#### EXERCISE REQUIREMENTS
Pictures appear among the records below and must be omitted. Repeat exactly the lines from the line with "So let's start" to the line with "Good afternoon one", both included.

Items from a data source:
------------------------------------

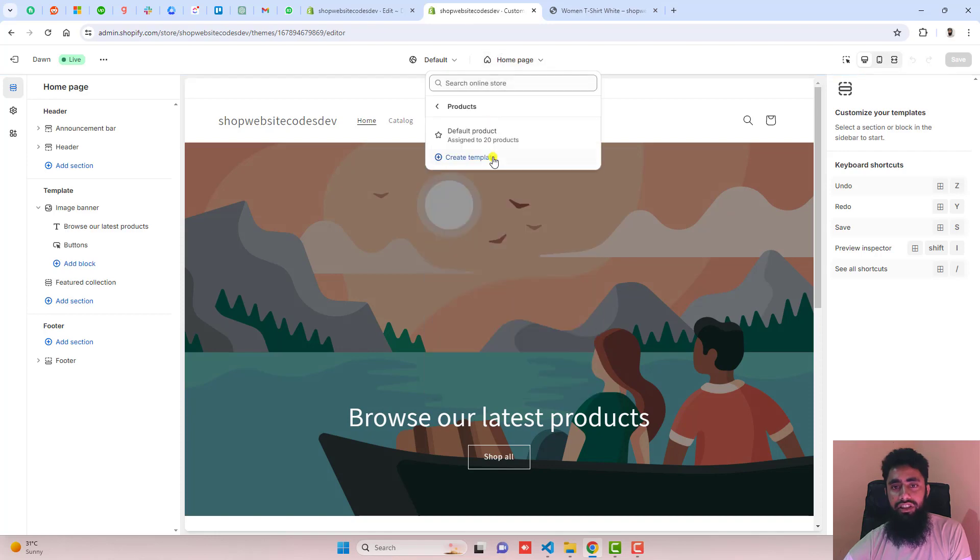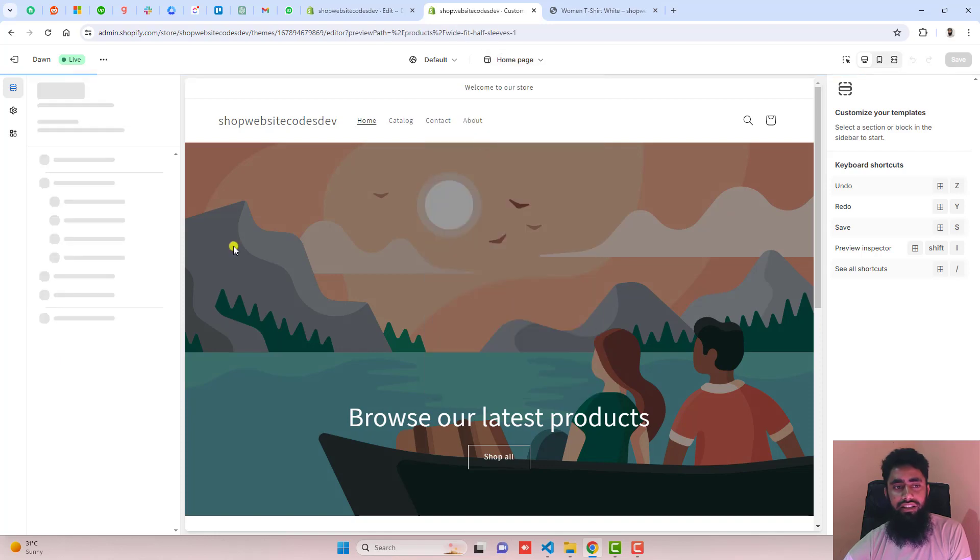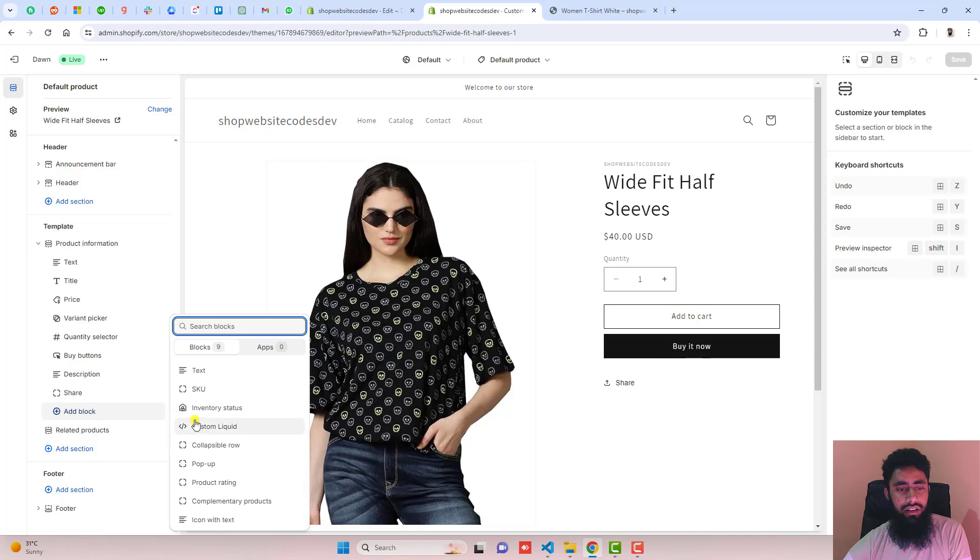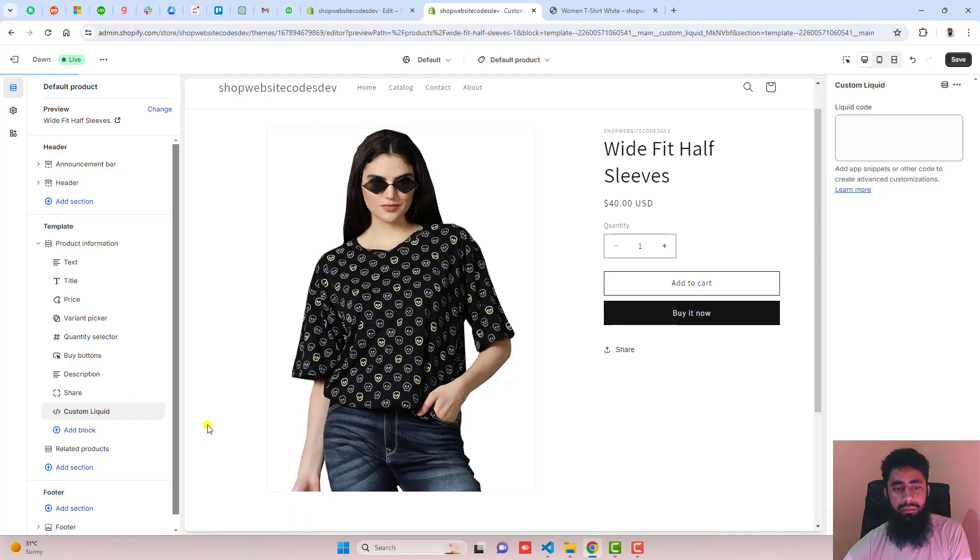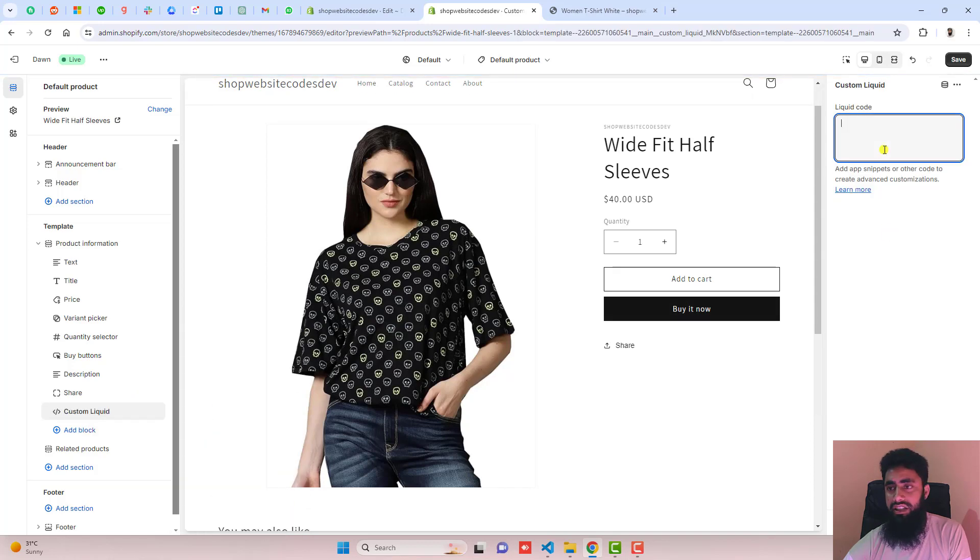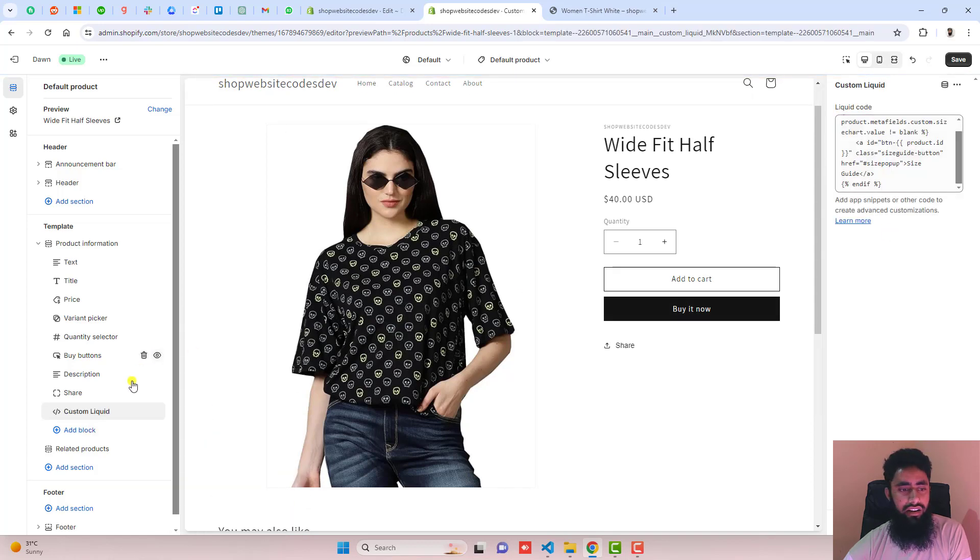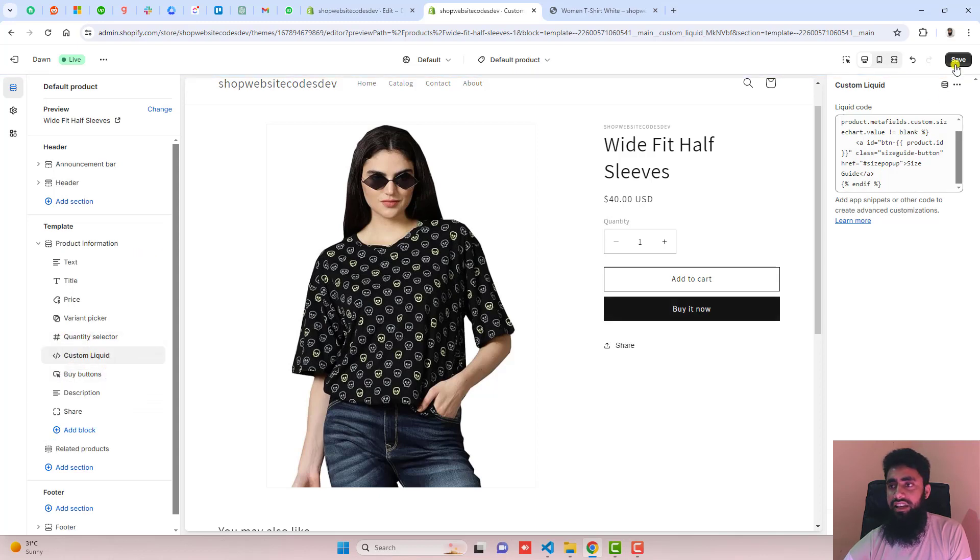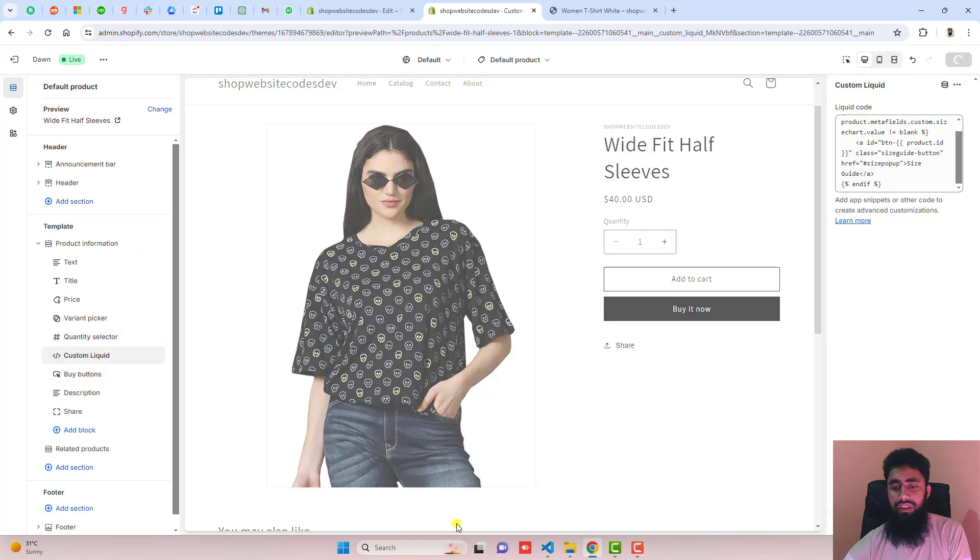I have this product template and here we have add block. Click on custom liquid, paste the code here. Then you should move it just above the buy buttons and below the variant selector. Then click save.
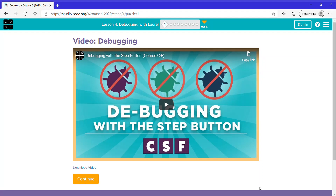Hello everyone, today I'm going to be showing you the code.org Course 2 lesson for debugging with Laurel. First watch the intro video and then click continue.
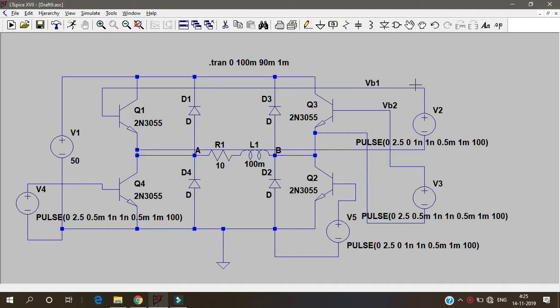In the previous video we have seen how to make a half bridge inverter in LTSpice and now we will see how to make a full bridge inverter in LTSpice.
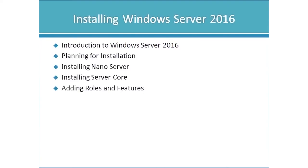So let's start in this first section with installing Windows Server 2016. You can see we'll go through an introduction to Windows, planning for installation, we'll go through the procedure for installing nano server and server core. If you're not familiar with nano server don't worry we're going to go into that as well and then finally adding roles and features.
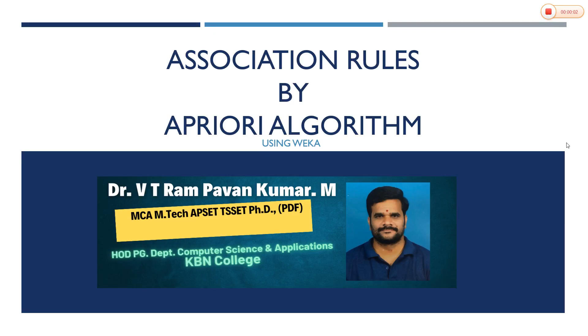Good afternoon one and all. In this session we are going to learn how to generate association rules by using Apriori algorithm. Association rules are nothing but identifying the frequent item sets.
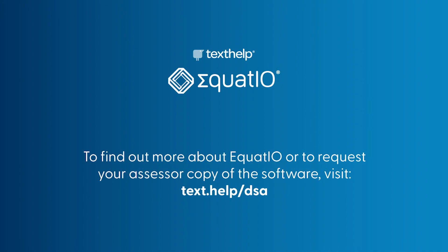Thank you very much for watching. If you do require any more information on EquatIO and how to utilize the math to speech function, or to request a copy of the software itself, please do visit text.help/dsa. Thank you for watching.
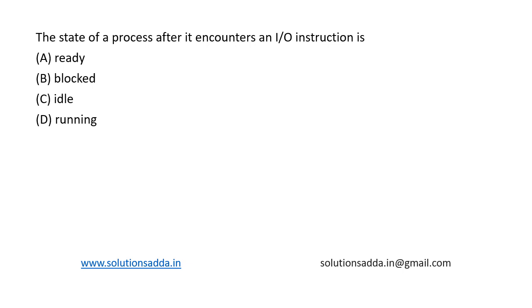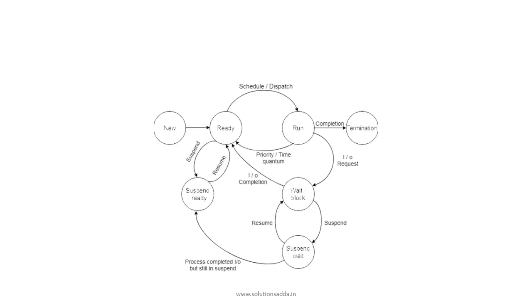This is a question from operating systems: The state of a process after it encounters an I/O instruction is... Four options are given. Using the process state diagram, let's find out the answer.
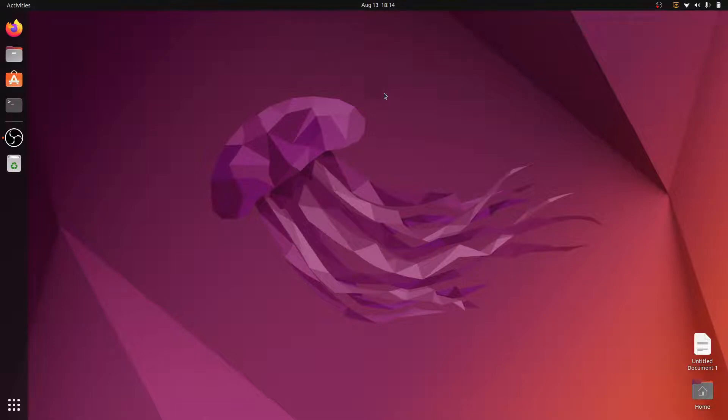Hello guys, welcome back to Simple Snip Code. My name is Rahul and in this video we will install Android Studio in Ubuntu 22.04. Let's start the video.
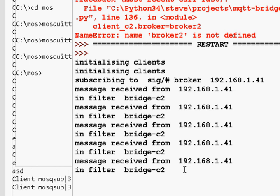As I say, I will be developing it further. I developed it for topic remapping and to bridge to multiple brokers.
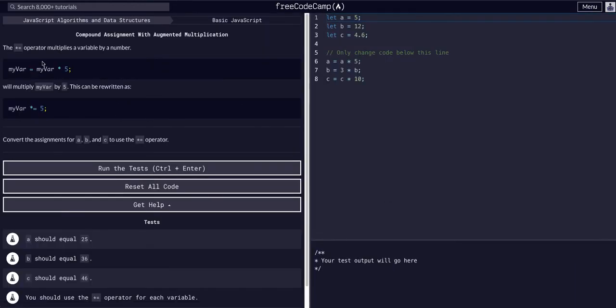Literally the same as what we've done before. Instead of saying myvar equals myvar times five, we can just say myvar times equals five. That's the same thing.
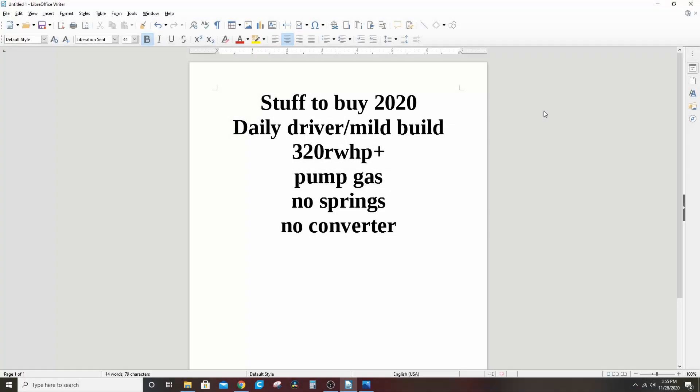The first video in the series is the recipe for a really mild build daily driver. You don't need any springs, no valve springs, no converter, no extra nonsense. You can run this through factory manifolds. You can run it on a stock tune if you have to. It should be good for 320 horsepower or more.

------------------------------------

#### SOLVED EXERCISE
So let's start in this first section with installing Windows Server 2016. You can see we'll go through an introduction to Windows, planning for installation, we'll go through the procedure for installing nano server and server core. If you're not familiar with nano server don't worry we're going to go into that as well and then finally adding roles and features.
Good afternoon one and all. In this session we are going to learn how to generate association rules by using Apriori algorithm. Association rules are nothing but identifying the frequent item sets.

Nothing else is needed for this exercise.